Brazil is adopting Japan's ISDB-T high-definition digital television system, preferring it to the standards used in the United States and Europe.
Brazil and Japan entered a technical agreement last month with Brazil's President Luiz Inacio Lula da Silva approving it last week, the official Agencia Brasil news service reported.
The Japanese ISDB-T standard, for Terrestrial Integrated Services Digital Broadcast, was selected in part because it is easier to send TV signals to cellular phones with it than with other systems, said Helio Costa, Brazil's Communications Minister.
According to local press reports, the accord with Japan also involves technology transfers, the establishment of semiconductor manufacturing operations in Brazil and financing of up to $500 million from the Japan Bank for International Cooperation (JBIC).

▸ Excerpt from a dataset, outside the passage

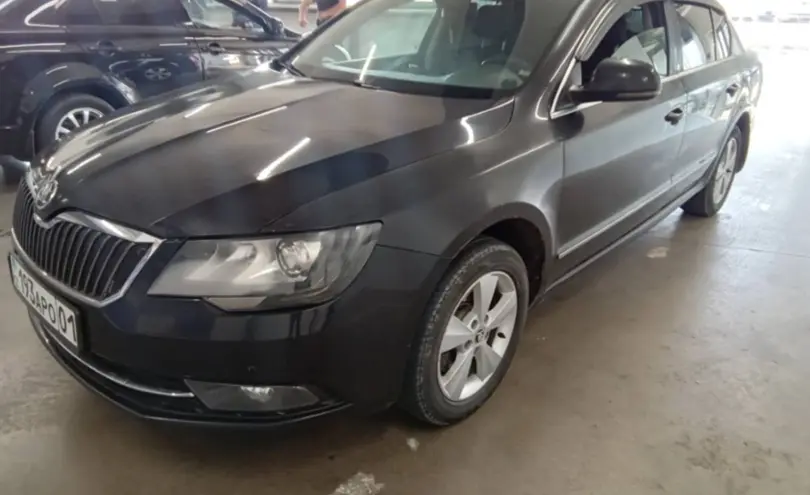 Skoda Superb 2013 года за 5 000 000 тг. в Астана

Latin America's most populous country has more than 90 million cell phone users, and the number continues to rise as poor and working class Brazilians who have never had fixed line phones choose to use cell phones only. The nation also has the planet's fifth-largest cell phone market, behind China, Japan, Russia and the United States, the Associated Press reported.
A memorandum on the digital standard signed earlier this year between the Brazil and Japan called for Japanese firms to train local staff and allow Brazilian companies to use the technology without paying royalties.

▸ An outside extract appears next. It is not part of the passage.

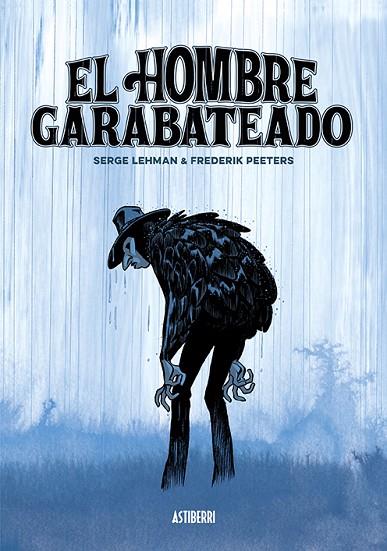 EL HOMBRE GARABATEADO | 9788416880805 | LEHMAN, SERGE/PEETERS, FREDERIK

Last year Brazil abandoned a quest to create its own digital TV system due to high costs. The country then returned to negotiations with various international groups to find the best system for its more than 120 million television viewers.
With more televisions than refrigerators per household, Brazil is an attractive market for Japan, which has invested about $3 billion in the ISDB-T system, the AP said.
Brazil hopes to start putting the new system in place this year, and plans to spread the technology to the country of more than 185 million within 15 years.